1. The Corporation was amalgamated on May 31, 1996 under the name Logicsys Inc. pursuant to the Business Corporations Act (Ontario). On January 11, 2001 the name of the Corporation was changed to Wisper Inc.

2. The Corporation is a reporting issuer under the Act, the Securities Act (Alberta) (the "Alberta Act") and under the Securities Act (British Columbia) (the "BC Act") and is not a reporting issuer or the equivalent under the securities legislation of any other jurisdiction in Canada.

3. The authorized share capital of the Corporation consists of an unlimited number of Common Shares, an unlimited number of First Preferred Shares and an unlimited number of Second Preferred Shares, of which 36,333,614 Common Shares and no First Preferred Shares or Second Preferred Shares were issued and outstanding as of February 26, 2004.

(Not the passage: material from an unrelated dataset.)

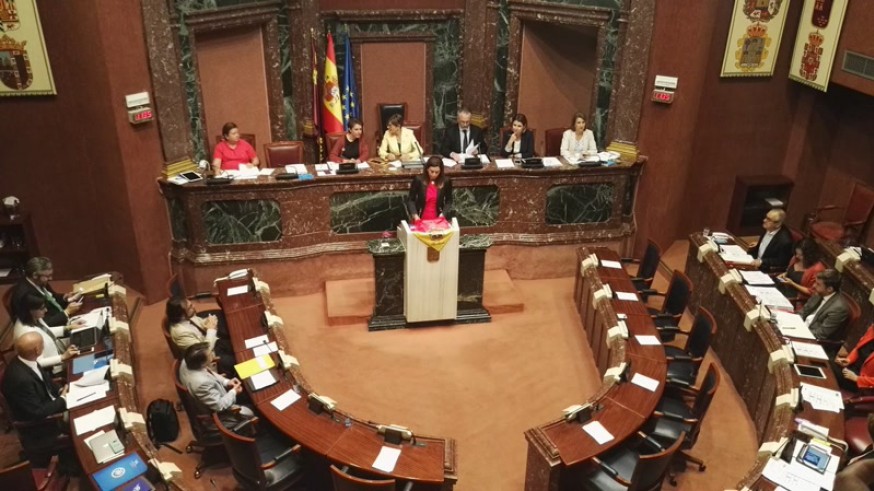 Pleno de la Asamblea Regional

4. The Cease Trade Order was issued as a result of the Corporation's failure to file its audited financial statements for the fiscal year ended May 31, 2002 due to lack of funds necessary to engage an auditor. Subsequently, the Corporation failed to file its interim financial statements for the three-month period ended August 31, 2002, the six-month period ended November 30, 2002, the nine-month period ended February 28, 2003, the three-month period ended August 31, 2003 and audited financial statements for the fiscal year ended May 31, 2003.

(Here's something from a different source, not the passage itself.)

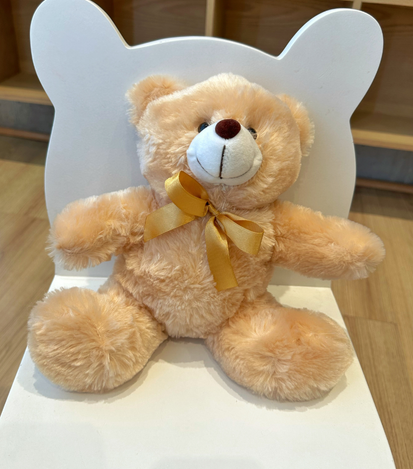 Peluches a domicilio en monterrey - floreria suspiros 4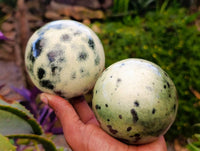 Polished Leopard Stone Spheres x 2 From Zimbabwe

5. The Corporation is also subject to cease trade orders issued under the BC Act and the Alberta Act and has concurrently applied for a revocation of those cease trade orders.

6. The Corporation has filed on SEDAR its financial statements for the fiscal years ended May 31, 2002 and May 31, 2003, (the "Annual Financial Statements") and its interim financial statements for the three-month period ended August 31, 2003 (collectively, the "Financial Statements") and has sent the Financial Statements to its shareholders. The auditor's reports for the Annual Financial Statements each contains a qualification paragraph in regards to accounts payable balances of the Corporation's subsidiary, Wisper Networks Inc. ("Wisper Networks").

7. The Corporation is currently inactive and is contemplating a series of transactions to reactivate itself (the "Reactivation Transactions").

8. The Reactivation Transactions include: (i) the effective consolidation of all issued and outstanding Common Shares on a one for ten basis; (ii) the settlement of all outstanding indebtedness in consideration for the issuance of post-consolidated Common Shares (the "Debt Settlement"); (iii) a change of corporate name; and (iv) the acquisition of all outstanding securities of a holding company which has recently been formed, whose assets at closing will consist of a Canadian Master Licence of proprietary Internet search software developed by AgentShopper Inc. of Toronto and its affiliates and cash of approximately $350,000 (the "Licence Transaction").

9. Following completion of the Reactivation Transactions, existing holders of Common Shares will hold approximately 18% of the outstanding post-consolidated Common Shares.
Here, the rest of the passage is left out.